▸ **Exercise brief**: Would you please repeat all of the data exactly, omitting the pictures?

━━━━━ Records to process ━━━━━

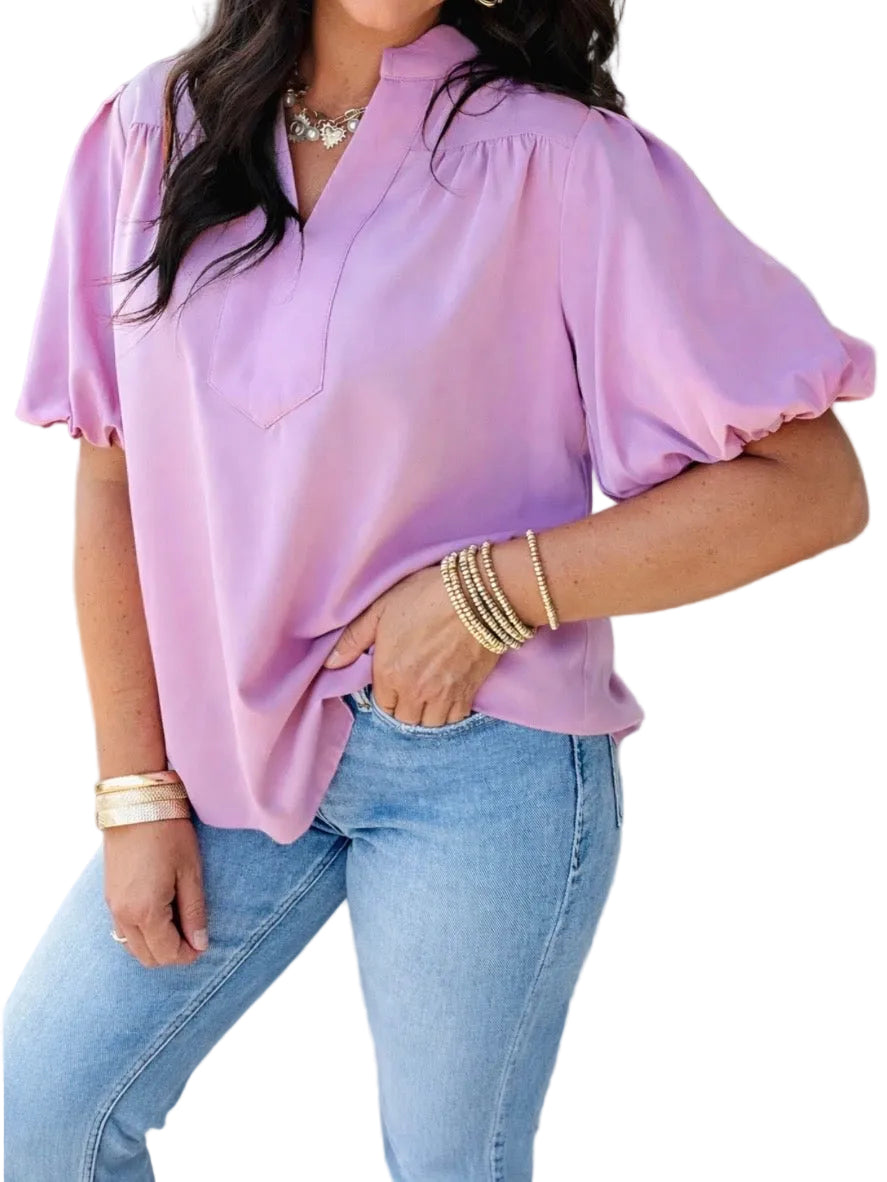 Purple Summer Top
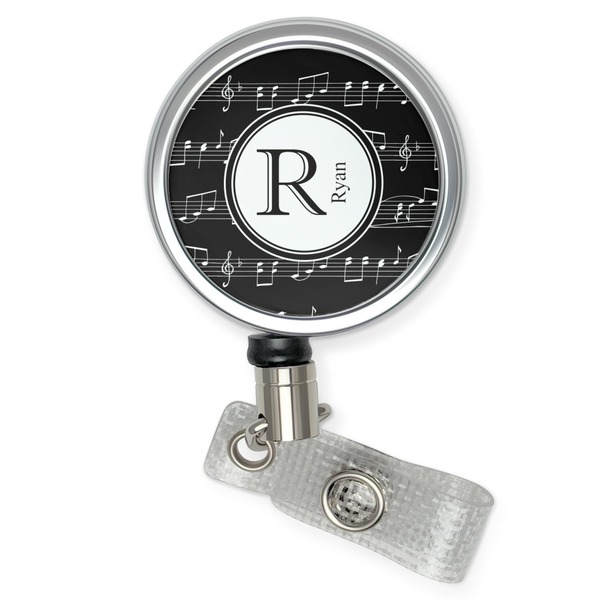 Custom Musical Notes Retractable Badge Reel (Personalized)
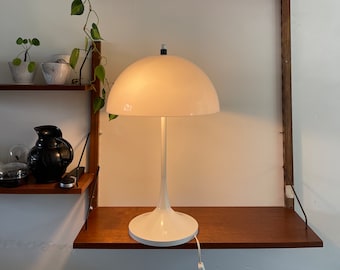 Hala Zeist Dutch design mushroom lamp, groot XL! tafellamp, schemerlamp, Space age seventies lamp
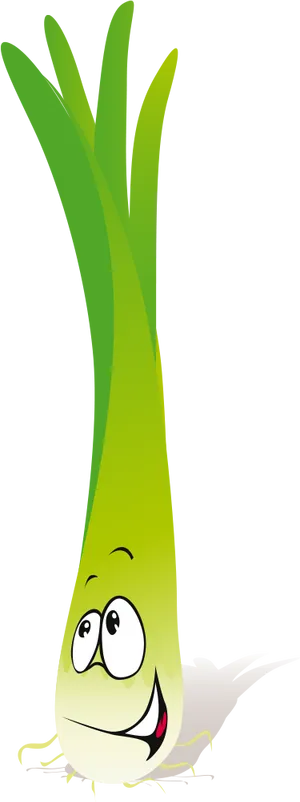 Animated Smiling Radish Character PNG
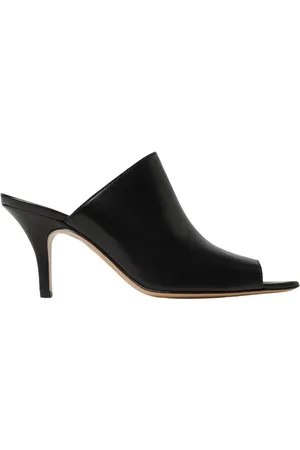 Maison Margiela Femme, Chaussures, Noir, Taille: 36 EU Sandales noires à talon chaton et bout ouvert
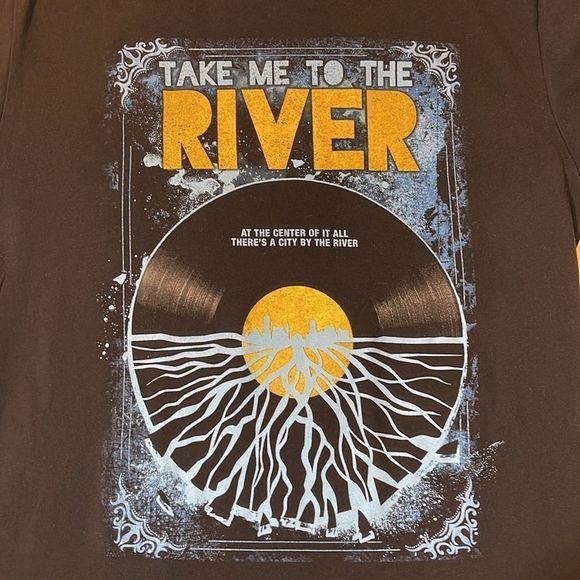 Take Me To The River Tour 2017 T-Shirt - Black Size Medium - Picture 2 of 10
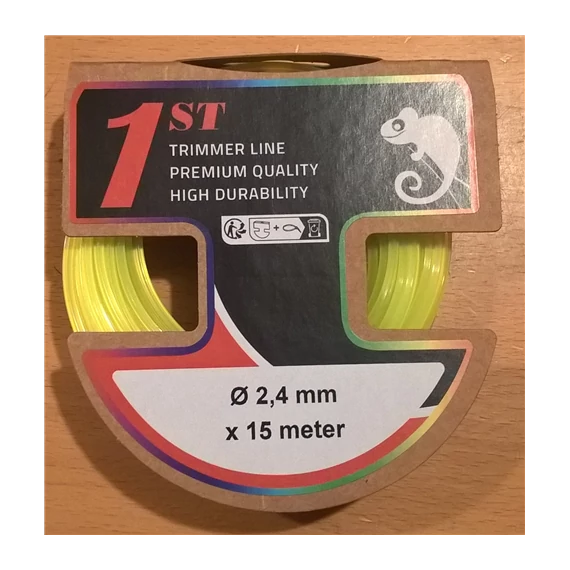 Damil 2,4mm/15m Sárga szögletes papír bliszter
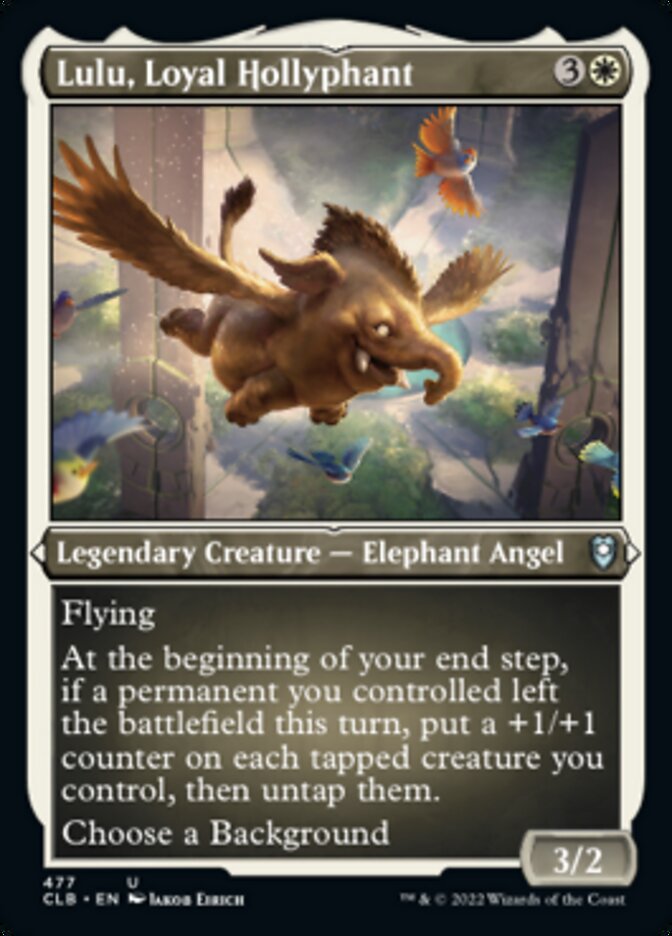 Lulu, Loyal Hollyphant (Foil Etched) [Commander Legends: Battle for Baldur's Gate] | Shuffle n Cut Hobbies & Games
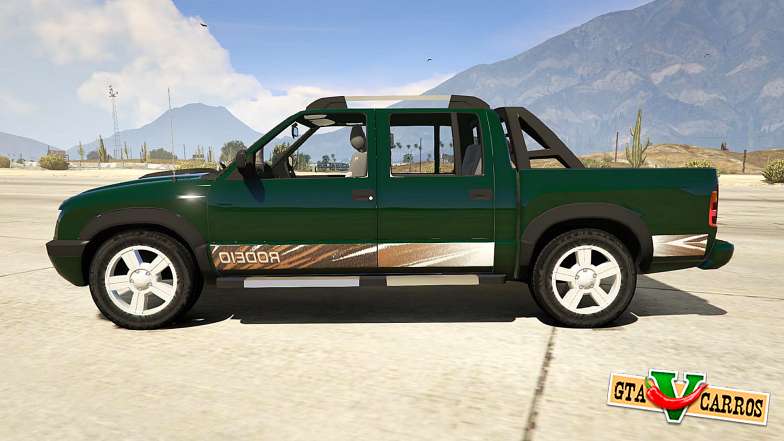 2011 Chevrolet S-10 Rodeio for GTA 5 side view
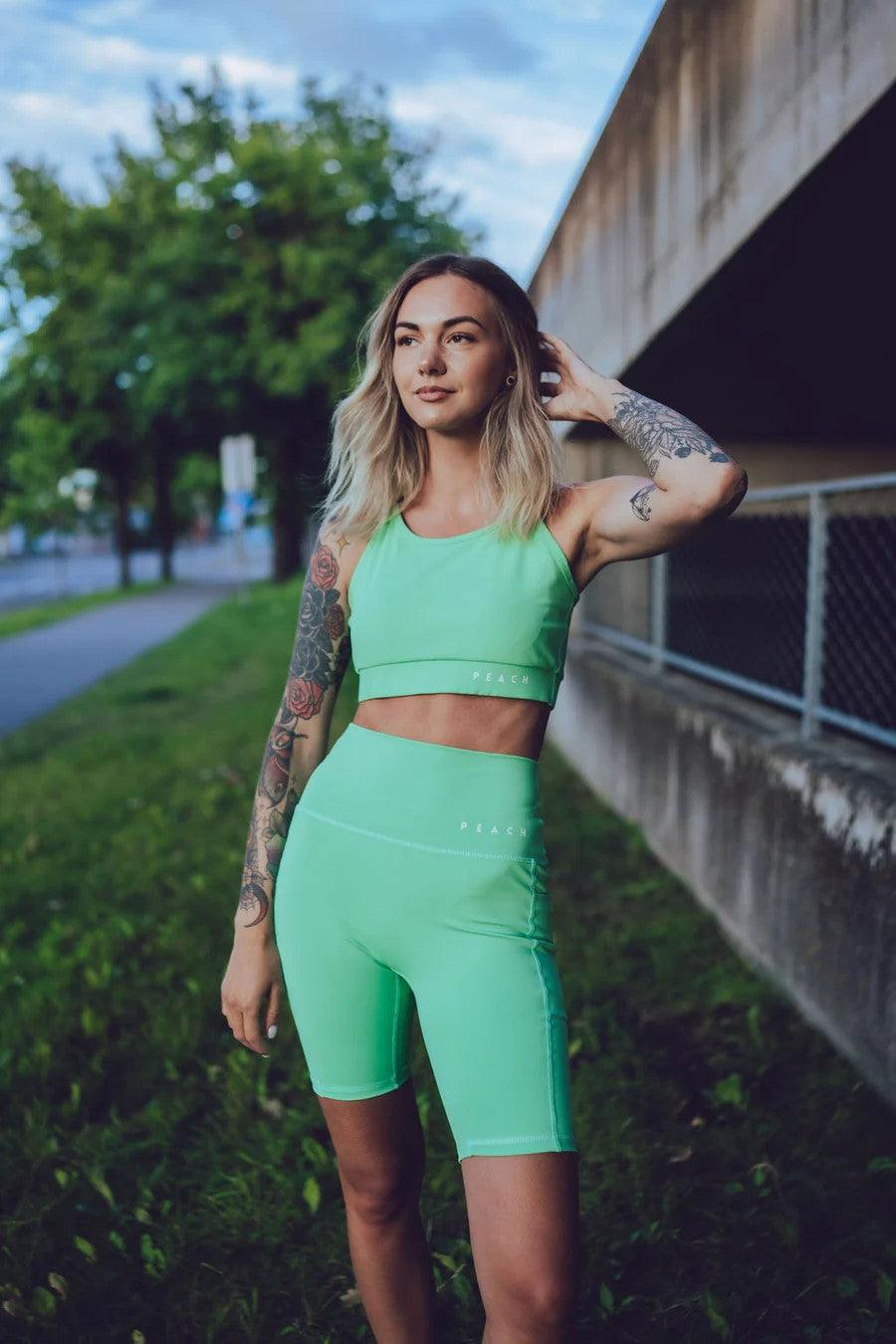 Biker Shorts - Green - ROODS PROJECT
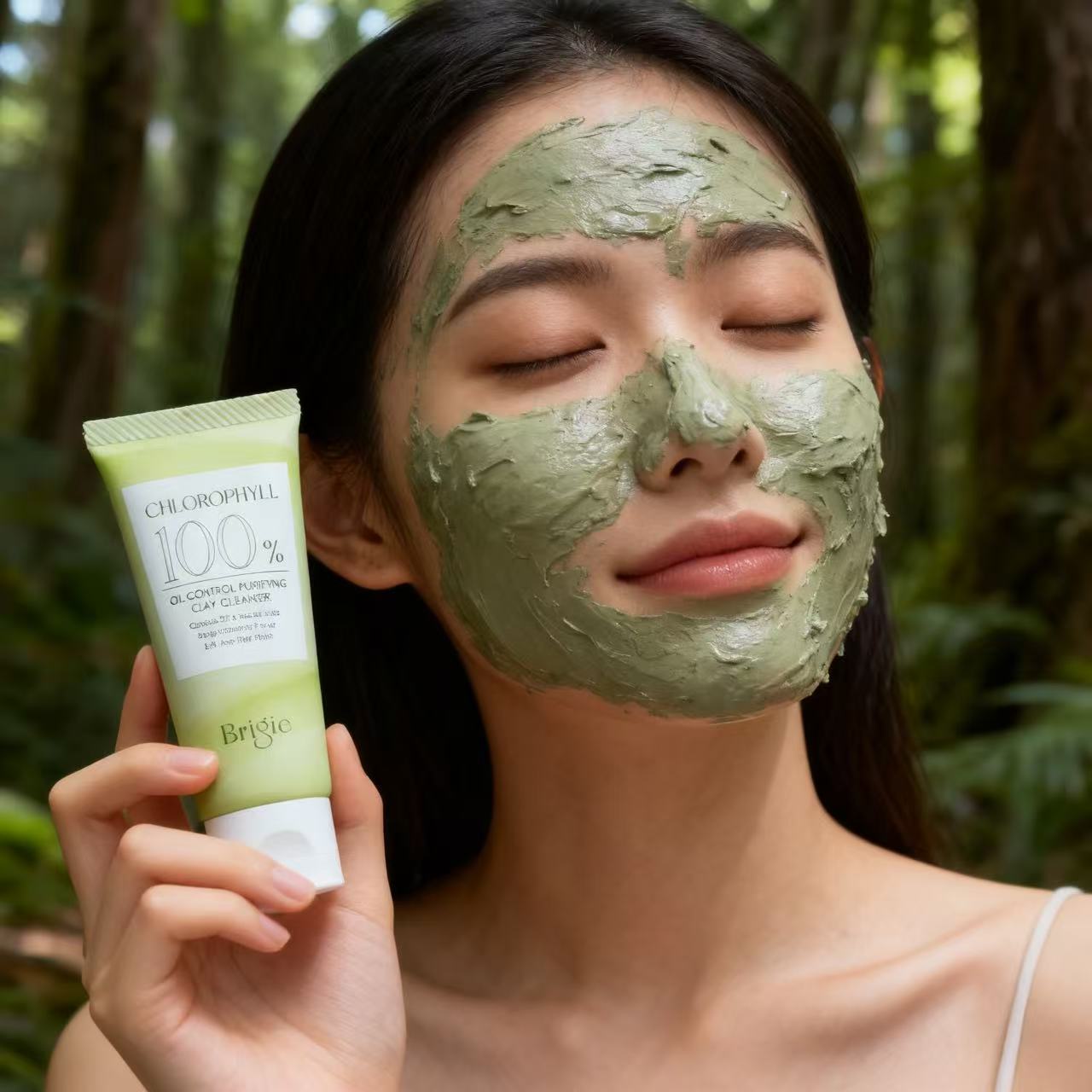 Cleanser Mud | Sữa rửa mặt đất sét kiểm soát dầu được chiết xuất 100% từ chất diệp lục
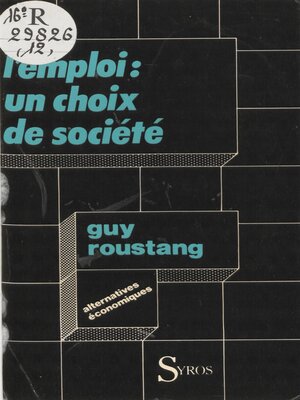 cover image of L'emploi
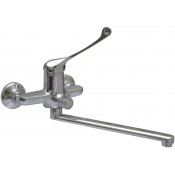 Смеситель настенный Fonten с душем локтевой (хирургический) 4203-06-050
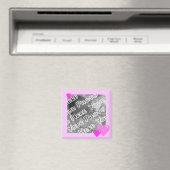 Roze Snoepjes hartmagneet Magneet (Insitu (Vaatwasser))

━━━━━

▸ **Response to this exercise**:
 Purple Summer Top
 Custom Musical Notes Retractable Badge Reel (Personalized)
 Hala Zeist Dutch design mushroom lamp, groot XL! tafellamp, schemerlamp, Space age seventies lamp
 Animated Smiling Radish Character PNG
 Maison Margiela Femme, Chaussures, Noir, Taille: 36 EU Sandales noires à talon chaton et bout ouvert
 Take Me To The River Tour 2017 T-Shirt - Black Size Medium - Picture 2 of 10
 Damil 2,4mm/15m Sárga szögletes papír bliszter
 Lulu, Loyal Hollyphant (Foil Etched) [Commander Legends: Battle for Baldur's Gate] | Shuffle n Cut Hobbies & Games
 2011 Chevrolet S-10 Rodeio for GTA 5 side view
 Biker Shorts - Green - ROODS PROJECT
 Cleanser Mud | Sữa rửa mặt đất sét kiểm soát dầu được chiết xuất 100% từ chất diệp lục
 cover image of L'emploi
 Смеситель настенный Fonten с душем локтевой (хирургический) 4203-06-050
 Roze Snoepjes hartmagneet Magneet (Insitu (Vaatwasser))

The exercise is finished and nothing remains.